----- MATERIAL PROVIDED

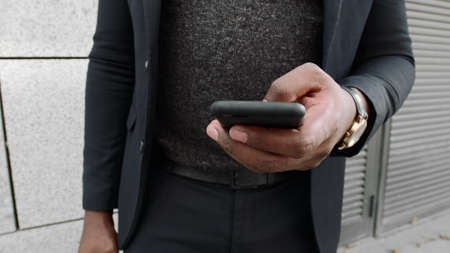 African businessman hands browsing internet on cellphone outdoors. Closeup male manager using smartphone on street. Business man in suit texting message on phone in slow motionの写真素材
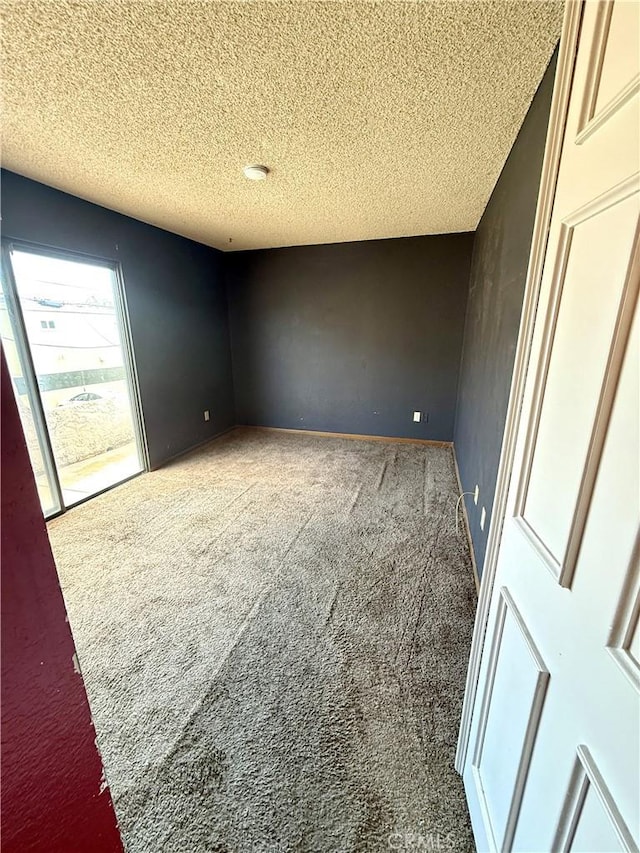 4043 Utah St Unit 8, San Diego, CA 92104 - carpeted empty room with a textured ceiling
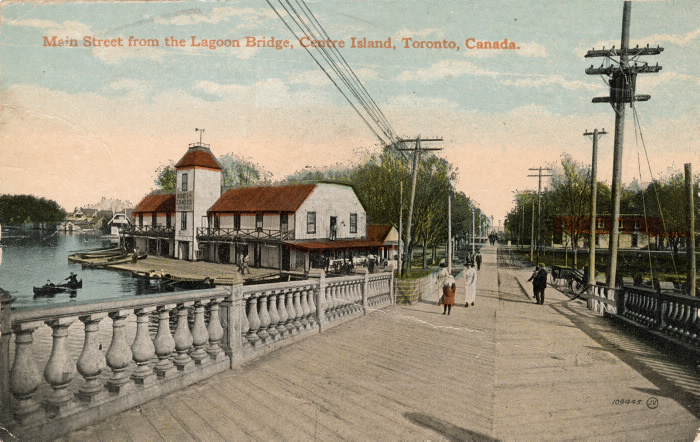 Vintage postcard of bridge and dock and words reading Main Street from the Lagoon Bridge Centre Island Toronto Canada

----------

§ **WHAT IS BEING ASKED**
Omitting the pictures, write out the material above exactly as it stands.

§ **COMPLETED TASK**
 African businessman hands browsing internet on cellphone outdoors. Closeup male manager using smartphone on street. Business man in suit texting message on phone in slow motionの写真素材
 4043 Utah St Unit 8, San Diego, CA 92104 - carpeted empty room with a textured ceiling
 Vintage postcard of bridge and dock and words reading Main Street from the Lagoon Bridge Centre Island Toronto Canada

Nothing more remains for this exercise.